Naturally, the film is concerned with death and what the ending of our own particular lives means to us and those around us. Many of the characters, in one way or another, are forced to reckon with their own mortality. “We die and we decay,” Pretty says through her tears to Brown in one scene, “we don’t live on.” “I’m not sure I agree,” Brown responds in his quiet way. “From the first human handprint on a cave wall, we’re part of something continuous. So, we don’t really die.”

As Brown’s response suggests, one of the more compelling features of this story is not only what it has to say about the past, but what it implies about our future as well.

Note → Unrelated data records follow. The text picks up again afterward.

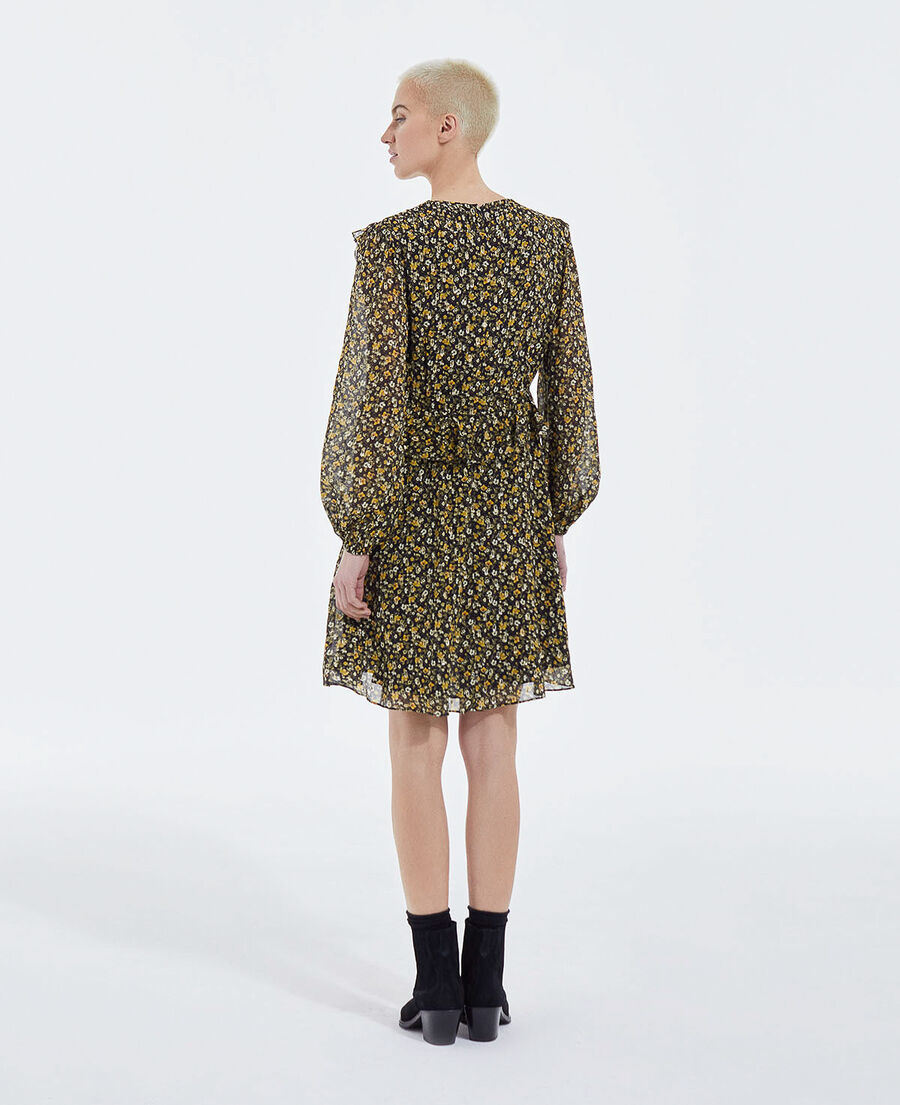 short frill dress in black and yellow lurex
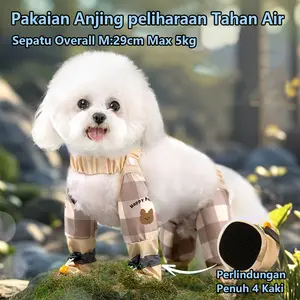 [COD]Celana anjing anti debu luar ruangan dengan kaki / beruang tahan air dan anti-kotoran pakaian anjing kecil untuk berjalan-jalan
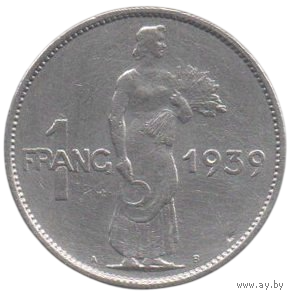 Великое Герцогство Люксембург. 1 франг ( франк ) 1939. Великая Герцогиня Шарлотта Адельгонда Элиза Мария Вильгельмина Нассау-Люксембургская. Нечастая.
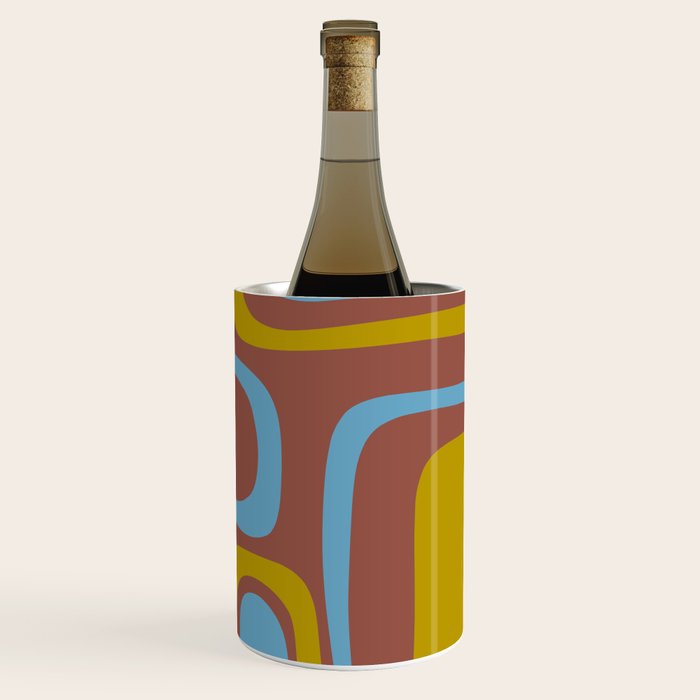 Mid-Century Modern Abstract Palm Springs Eclectic Pattern in Brown Blue Chartreuse Wine Chiller Gallery Image 3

This tension plays out on the screen, coming to life even in the way scenes are edited. At many points we see a particular visual moment, but dialogue and sounds bleed into it from other moments – we wonder briefly whether we are hearing a conversation taking place in the past, or one yet to unfold. Sometimes this remains unresolved. The words and images are perhaps artefacts from the past, or artefacts still to be born. The Dig, in both obvious and hidden ways then, recalls for me a great truth: all is woven together with a thread we cannot comprehend, yet sometimes catch brief glimpses of.

Watching the film reminded me of a day a few weeks ago, when I raced a late afternoon sun across Cambridge on my way to visit Castle Mound, hoping to catch the sun as it set in the west. As an American fascinated by anything older than two hundred years, I had heard much about this mound and its remarkable history. I wanted to watch the sun drop below the horizon from the hilltop, like so many others had done since the time of the Romans. As I began climbing the hill, still unsure of where the mound was precisely, I passed a break in the buildings lining the road – there, suddenly, up and away to my right, was the mound atop the hill. In that brief flash, a jolt of energy, a kind of ancient presence filled with the memory of countless people long forgotten, ran through me with a thrill.